Race Weekend Central

Thinkin’ Out Loud: The Next Gen Has a Short Track Problem, So Don’t Write Off North Wilkesboro After 1 Race

What Happened?

In the NASCAR Cup Series’ return to North Wilkesboro Speedway after a 27-year absence, Kyle Larson – who won the Craftsman Truck Series race the day before – swept the weekend with a win in Sunday’s (May 21) Cup Series All-Star Race.

It was a dominant affair for Larson, as he led 145 of the 200 laps and won by over four seconds for his third All-Star triumph in the last five years. Larson was the only driver to win the All-Star Race at multiple tracks (Charlotte Motor Speedway in 2019 and Texas Motor Speedway in 2021) and has now added a third track and win in North Wilkesboro to his trophy case.

See also
Kyle Larson Dominates North Wilkesboro For 3rd All-Star Win

But What Really Happened?

With just one caution for cause with a Ricky Stenhouse Jr. spin on lap 15, the field got strung out and stayed that way most of the night.

That caution proved to be the pivotal moment for Larson. The No. 5 Chevrolet started 16th and had fallen to 21st in the first 17 laps, but crew chief Cliff Daniels used the opportunity to bring Larson down pit road for four fresh tires on lap 18.

Larson sped on pit road, meaning he restarted the race on lap 21 as the last car on the lead lap in 23rd. But with just a handful of drivers on new tires, Larson cut through the field like butter.

The 42-year-old pavement soon gave the lead cars fits, and that allowed Larson – as well as the other cars that pitted for tires – to blow right by the competition.

Larson made his way up to the top three in just 30 laps, and he passed Daniel Suarez – who had led every lap of the race from the pole – on lap 55.

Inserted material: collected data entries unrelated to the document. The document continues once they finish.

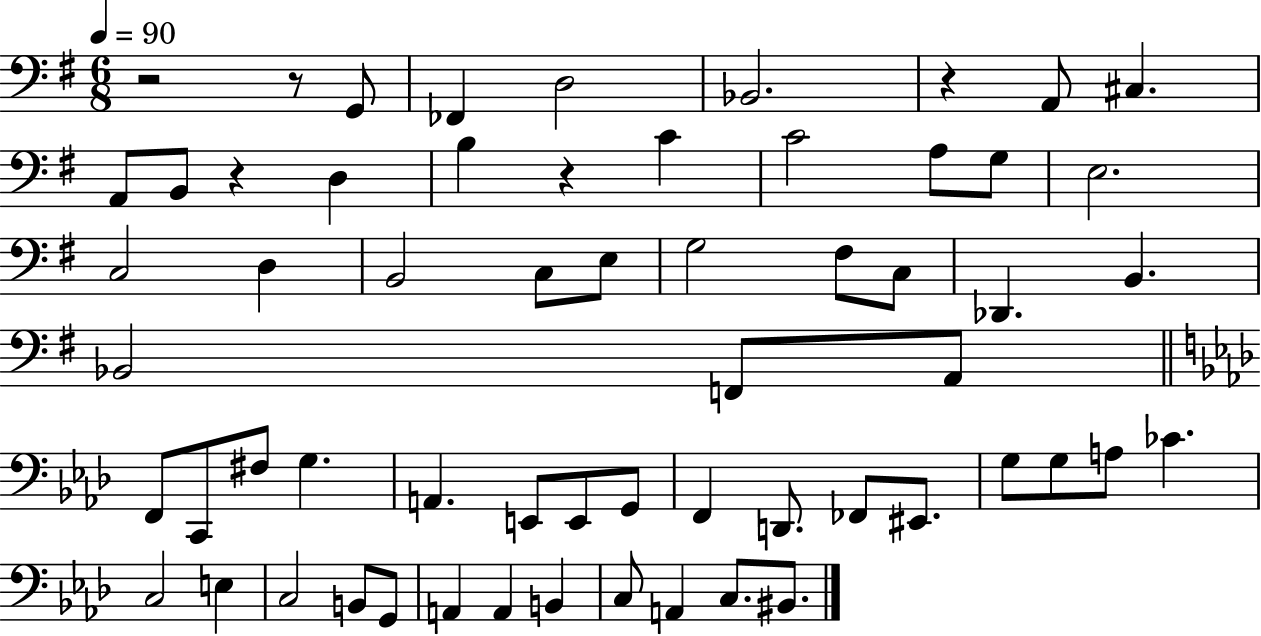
{
  \clef bass
  \numericTimeSignature
  \time 6/8
  \key g \major
  \tempo 4 = 90
  r2 r8 g,8 | fes,4 d2 | bes,2. | r4 a,8 cis4. | \break a,8 b,8 r4 d4 | b4 r4 c'4 | c'2 a8 g8 | e2. | \break c2 d4 | b,2 c8 e8 | g2 fis8 c8 | des,4. b,4. | \break bes,2 f,8 a,8 | \bar "||" \break \key f \minor f,8 c,8 fis8 g4. | a,4. e,8 e,8 g,8 | f,4 d,8. fes,8 eis,8. | g8 g8 a8 ces'4. | \break c2 e4 | c2 b,8 g,8 | a,4 a,4 b,4 | c8 a,4 c8. bis,8. | \break \bar "|."
}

That was the last time anyone had a challenge for the No. 5 car all night, as Larson had built up a 13-second edge by the time the caution waved for the halfway break on lap 100. He maintained the lead after pit stops and the final 90 laps of the race went green, leaving Larson on a Sunday night drive out front.

That’s the way the race ended on lap 200, with the second- and third-place finishers of Bubba Wallace and Tyler Reddick using the same tire strategy as Larson to drive their way to the front during the first half. Chase Briscoe in fourth was the highest-finishing car that only pitted for tires during the halfway break.

Who Stood Out?

With track position and tire strategy playing as big a role as it did in the race, the split strategy on lap 18 proved to make or break the event for almost every team.

See also
Monday Morning Pit Box: Pit Call Adds To Larson's Advantage

Behind a dominant Larson, the 23XI Racing duo of Wallace and Reddick looked strong in the second half. They used tires to make their way toward the front, but then held their positions when everyone was on equal tires in the final 90 laps.

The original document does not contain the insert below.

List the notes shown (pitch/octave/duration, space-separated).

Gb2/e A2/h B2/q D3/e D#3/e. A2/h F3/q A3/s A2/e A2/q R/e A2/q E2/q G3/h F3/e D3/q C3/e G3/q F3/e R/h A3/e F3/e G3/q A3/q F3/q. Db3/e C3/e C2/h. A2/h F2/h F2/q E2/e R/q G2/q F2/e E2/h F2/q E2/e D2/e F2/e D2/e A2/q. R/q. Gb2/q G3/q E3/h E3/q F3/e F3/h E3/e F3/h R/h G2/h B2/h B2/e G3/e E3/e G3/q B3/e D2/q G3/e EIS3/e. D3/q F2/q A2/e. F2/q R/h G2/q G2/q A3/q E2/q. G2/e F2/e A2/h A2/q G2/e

Briscoe, polesitter Suarez and Chase Elliott ran in the front half of the field all race and finished there, while Joey Logano ran top five in the first half and overcame an uncontrolled tire penalty at halfway to end the race in 10th.

Of the three cars to transfer from the All-Star Open, Ty Gibbs had the strongest performance, as he ended the race in ninth as the highest-finishing Joe Gibbs Racing Toyota.

Who Fell Flat?

William Byron and Kyle Busch were perhaps the biggest no-shows of the race, as they finished 20th and 22nd, two laps down. The pair struggled with handling and dropped back early, leaving their teams to gamble on fresh tires under green-flag conditions in the middle of the first stage. That roll of the dice didn’t work, however, and both drivers were trapped a lap down for the remainder of the night.

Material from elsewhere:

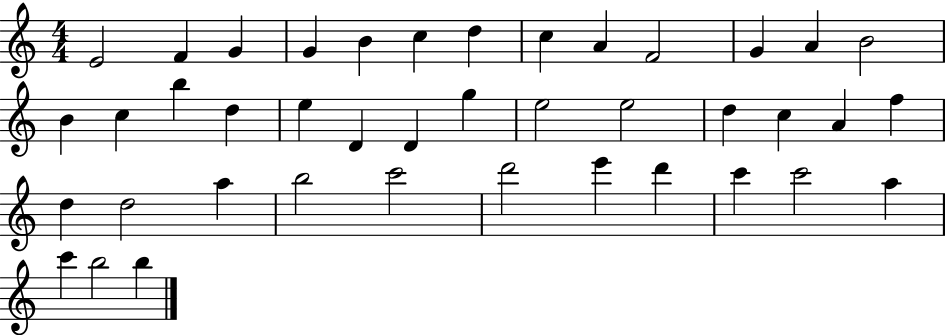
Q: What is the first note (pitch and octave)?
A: E4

Kevin Harvick and Brad Keselowski also fell two laps down on pace, while Chris Buescher – who led flag-to-flag in his Saturday heat race – could only muster a 16th-place finish.

It looked like Denny Hamlin was going to be one of the contenders for the trophy early on, as he ran second behind Suarez for the first quarter of the race. But the handle went away from the No. 11 car as the laps ticked down. Hamlin ended the night one lap down in 13th with teammate Martin Truex Jr. right behind him in 14th.

After the race, Hamlin’s crew chief Chris Gabehart admitted staying out during the first caution was a mistake.

Better than Last Time?

There’s no direct comparison for this event, but while this one lacked action out front, it still felt better than last year’s All-Star Race at Texas Motor Speedway. That’s not a high bar to clear, though.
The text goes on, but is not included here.